WORK ITEM:
The material below is to be copied exactly from the line with "9 个实用工具+使用攻略|mp4转换成mp3,一键告别音质损耗" up to and including the line with "сатива Ивантеевка", with nothing else kept and no pictures.
[EXTRACTED MATERIAL — start]
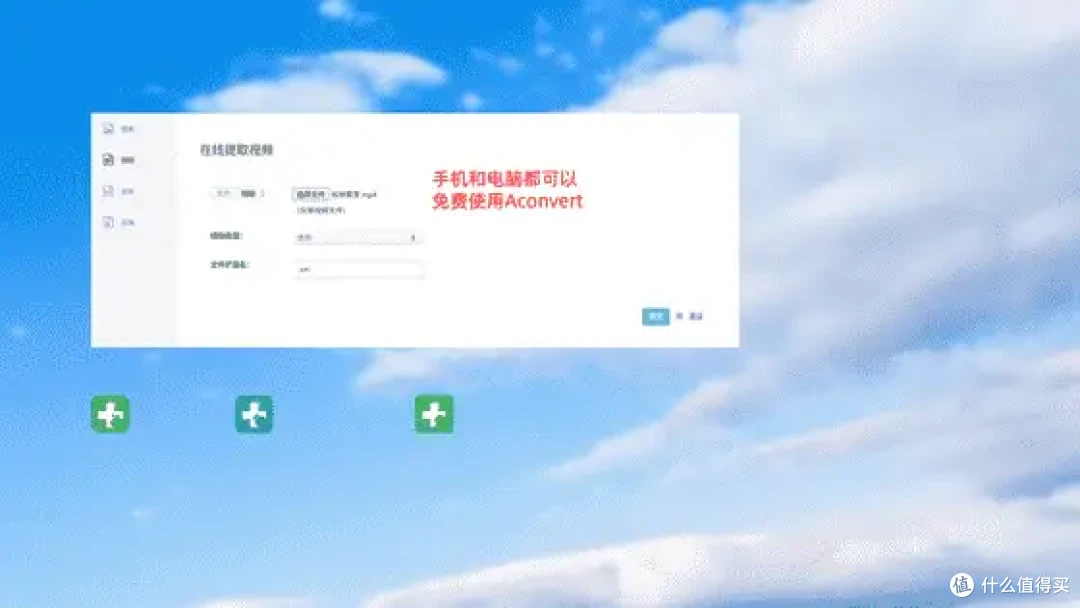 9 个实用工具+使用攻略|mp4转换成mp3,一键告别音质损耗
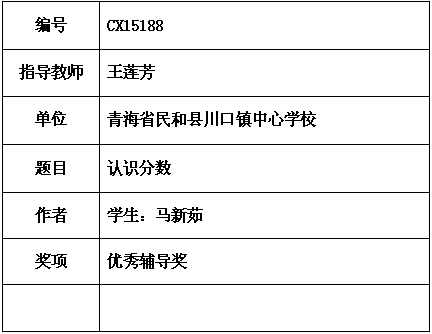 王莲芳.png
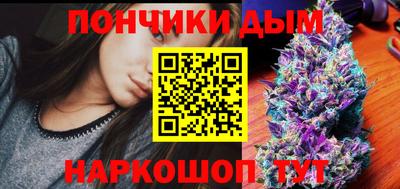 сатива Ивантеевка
[EXTRACTED MATERIAL — finish]
[EXTRACTED MATERIAL — start]
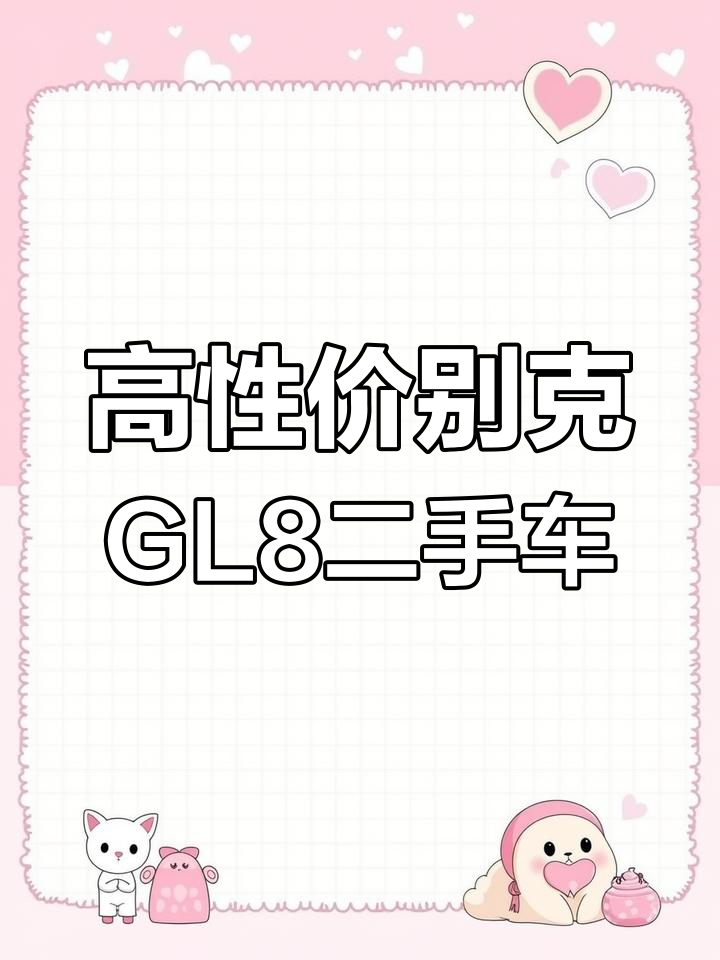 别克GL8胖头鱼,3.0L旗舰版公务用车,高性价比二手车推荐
[EXTRACTED MATERIAL — finish]
EXERCISE RESULT:
 9 个实用工具+使用攻略|mp4转换成mp3,一键告别音质损耗
 王莲芳.png
 сатива Ивантеевка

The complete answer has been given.